Stuck in state "Pending"
JonasKs opened this issue · 18 comments
Hello,
I have just created a docker swarm from scratch, and I am not able to run the visualizer, since its stuck in pending.
$ docker service ls && docker service ps viz
ID NAME MODE REPLICAS IMAGE PORTS
ylpdkfqjv0o8 viz replicated 0/1 dockersamples/visualizer:latest *:9090->8080/tcp
ID NAME IMAGE NODE DESIRED STATE CURRENT STATE ERROR PORTS
j7z2l72rlf46 viz.1 dockersamples/visualizer:latest Running Pending 4 minutes ago
Docker version:
$ docker version
Client:
Version: 17.05.0-ce
API version: 1.29
Go version: go1.7.5
Git commit: 89658be
Built: Thu May 4 22:10:54 2017
OS/Arch: linux/amd64
Server:
Version: 17.05.0-ce
API version: 1.29 (minimum version 1.12)
Go version: go1.7.5
Git commit: 89658be
Built: Thu May 4 22:10:54 2017
OS/Arch: linux/amd64
Experimental: false
apt-cache policy docker-engine
docker-engine:
Installed: 17.05.0~ce-0~ubuntu-xenial
Candidate: 17.05.0~ce-0~ubuntu-xenial
Same setup on 17.03 works, so I suspect the 17.05 is not supported yet?

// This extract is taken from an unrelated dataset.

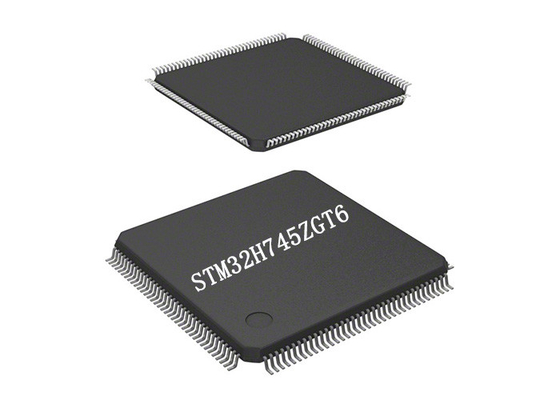 تراشه مدار مجتمع STM32H745ZGT6 میکروکنترلر ARM آی سی 32 بیتی دو هسته ای 1 مگابایت FLASH 144-LQFP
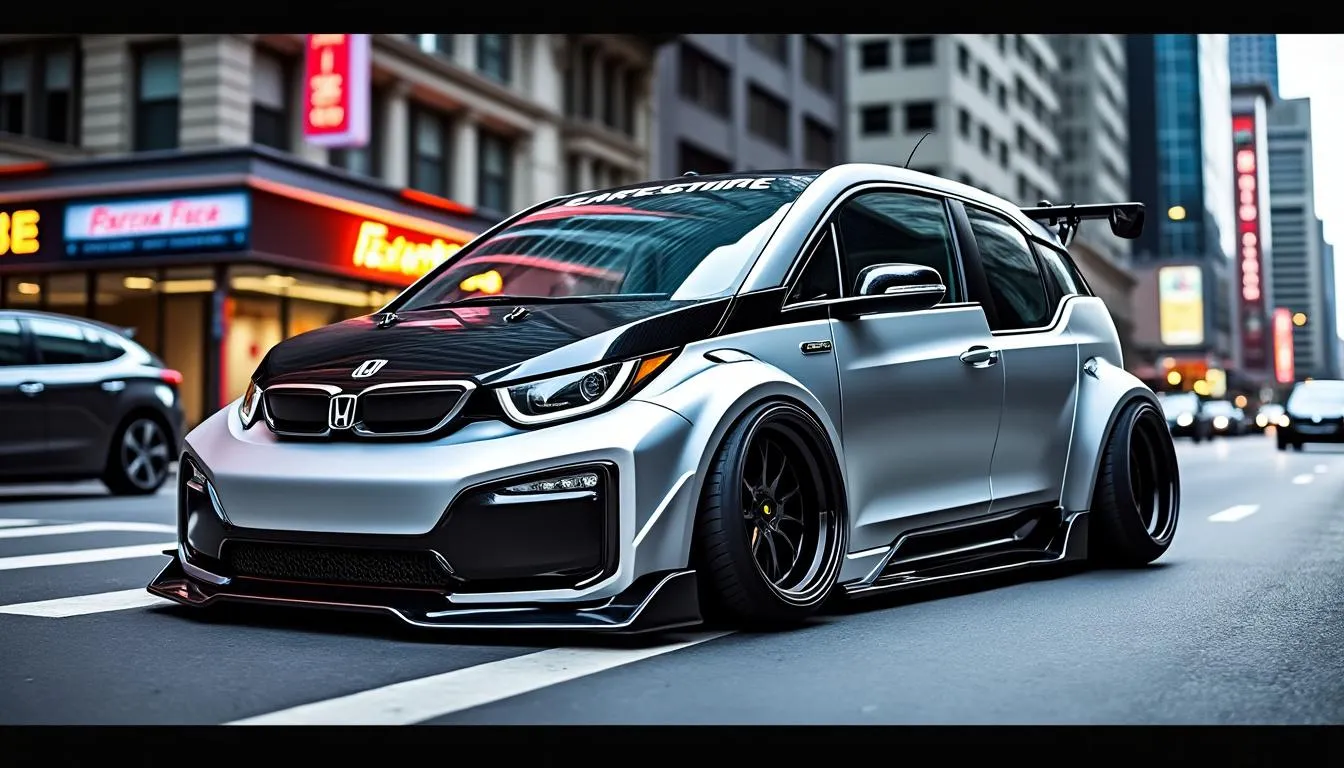 découvrez comment la honda e fusionne design japonais et technologie bmw pour offrir une citadine électrique innovante alliant style, confort et performances inédites. une rencontre surprenante entre deux univers automobiles !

are you publishing the correct port?
Same setup work on same setup, but with older docker swarm, so yeah, I believe I do. As shown in docker service ls:
*:9090->8080/tcp
I think this is a Swarm problem, sometimes I have had to delete the node and created it again so it can start a pending service.
@JonasKs you said on an older docker swarm? You do you mean docker in swarm mode or the older docker swarm pre-Docker 1.12 version? The visualizer won't work on the older pre-1.12 version only Swarm mode.
@ManoMarks Docker version 17.03 worked for me, but not 17.05. I can provide a full docker version
on working setup tomorrow.
Created it by doing this:
ubuntu@manager-project2:~$ docker service create \
> --name=viz \
> --publish=9090:8080/tcp \
> --constraint=node.role==manager \
> --mount=type=bind,src=/var/run/docker.sock,dst=/var/run/docker.sock \
> dockersamples/visualizer
mcej4y4vluvtstdv86lbistni
Since --detach=false was not specified, tasks will be created in the background.
In a future release, --detach=false will become the default.
ubuntu@manager-project2:~$ docker service ls
ID NAME MODE REPLICAS IMAGE PORTS
mcej4y4vluvt viz replicated 0/1 dockersamples/visualizer:latest *:9090->8080/tcp
ubuntu@manager-project2:~$ docker service ps viz
ID NAME IMAGE NODE DESIRED STATE CURRENT STATE ERROR PORTS
pgvuxlqd4008 viz.1 dockersamples/visualizer:latest Running Pending about a minute ago
Now its only been pending for about a minute, but last one was pending for 24 hours before I stopped it.
EDIT: Gave a more complete description of each step.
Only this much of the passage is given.